[英]How to get group name of match regular expression in Python?
Question is very basic whatever I do not know how to figure out group name from match.问题是非常基本的,我不知道如何从匹配中找出组名。 Let me explain in code:
让我用代码解释一下:
import re
a = list(re.finditer('(?P<name>[^\W\d_]+)|(?P<number>\d+)', 'Ala ma kota'))
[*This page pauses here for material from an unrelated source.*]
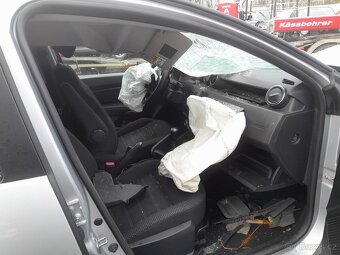 Dacia Duster 1,5 DCi 115 - 8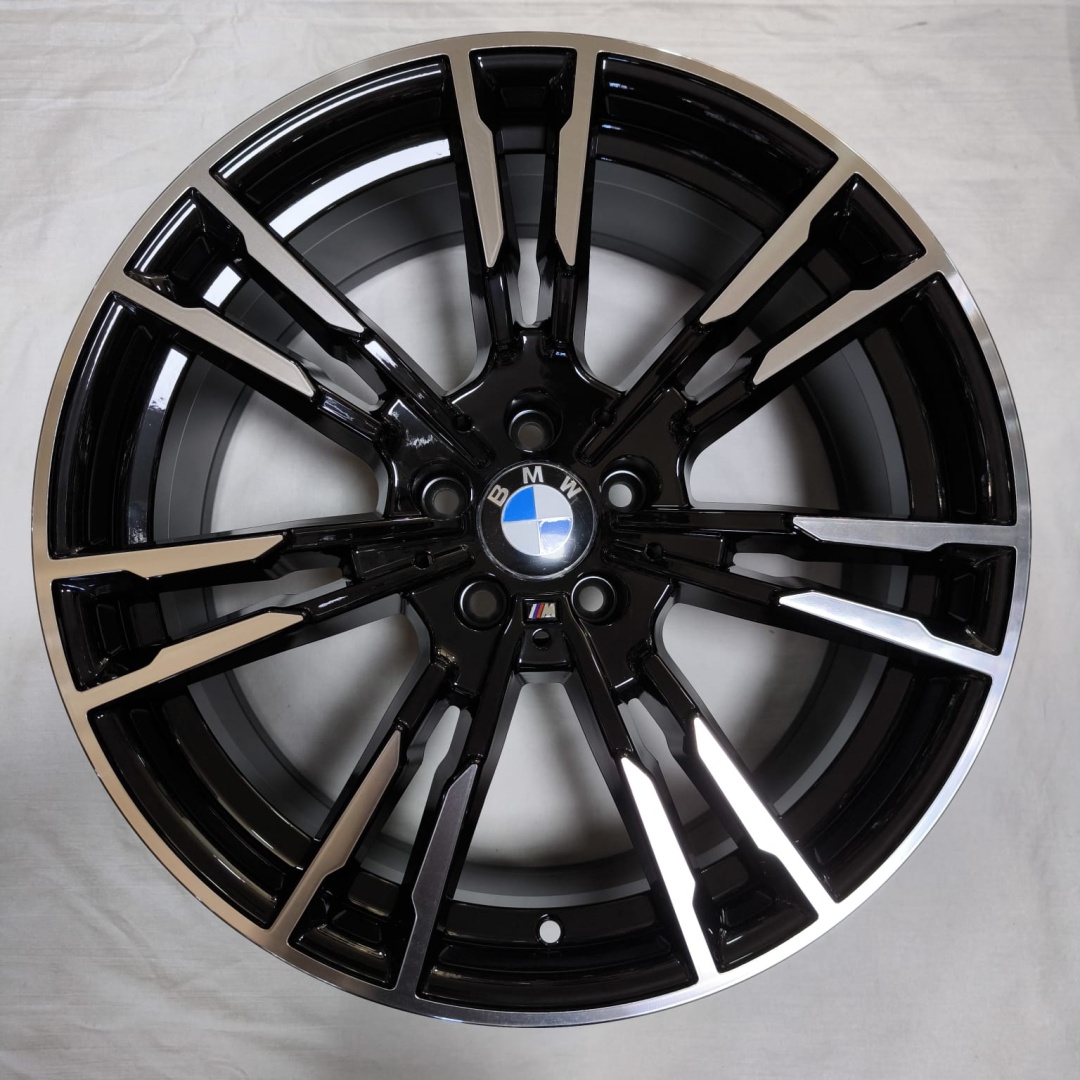Wheels 1356 8.5/9.5x19/5x112 D66.6 ET30.35 4 диска черный, серебристый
How to get group name of a[0].group(0)
match - assume that number of named patterns can be larger?如何获取
a[0].group(0)
匹配的组名 - 假设命名模式的数量可以更大?
Example is simplified to learn basics.示例被简化以学习基础知识。
I can invert match a[0].groupdict()
but it will be slow.我可以反转匹配
a[0].groupdict()
但它会很慢。
You can get this information from the compiled expression :您可以从编译后的表达式中获取此信息:
>>> pattern = re.compile(r'(?P<name>\w+)|(?P<number>\d+)')
>>> pattern.groupindex
{'name': 1, 'number': 2}
This uses the RegexObject.groupindex
attribute :这使用
RegexObject.groupindex
属性:
A dictionary mapping any symbolic group names defined by
(?P<id>)
to group numbers.将
(?P<id>)
定义的任何符号组名称映射到组编号的字典。 The dictionary is empty if no symbolic groups were used in the pattern.如果模式中没有使用符号组,则字典为空。
If you only have access to the match object, you can get to the pattern with the MatchObject.re
attribute :如果您只能访问匹配对象,则可以使用
MatchObject.re
属性访问模式:
>>> a = list(re.finditer(r'(?P<name>\w+)|(?P<number>\d+)', 'Ala ma kota'))
>>> a[0]
<_sre.SRE_Match object at 0x100264ad0>
>>> a[0].re.groupindex
{'name': 1, 'number': 2}
If all you wanted to know what group matched look at the value;如果您想知道匹配哪个组,请查看值;
None
means a group never was used in a match: None
表示从未在比赛中使用过组:
>>> a[0].groupdict()
{'name': 'Ala', 'number': None}
The number
group never used to match anything because its value is None
. number
组从未用于匹配任何内容,因为它的值为None
。
You can then find the names used in the regular expression with:然后,您可以使用以下命令查找正则表达式中使用的名称:
names_used = [name for name, value in matchobj.groupdict().iteritems() if value is not None]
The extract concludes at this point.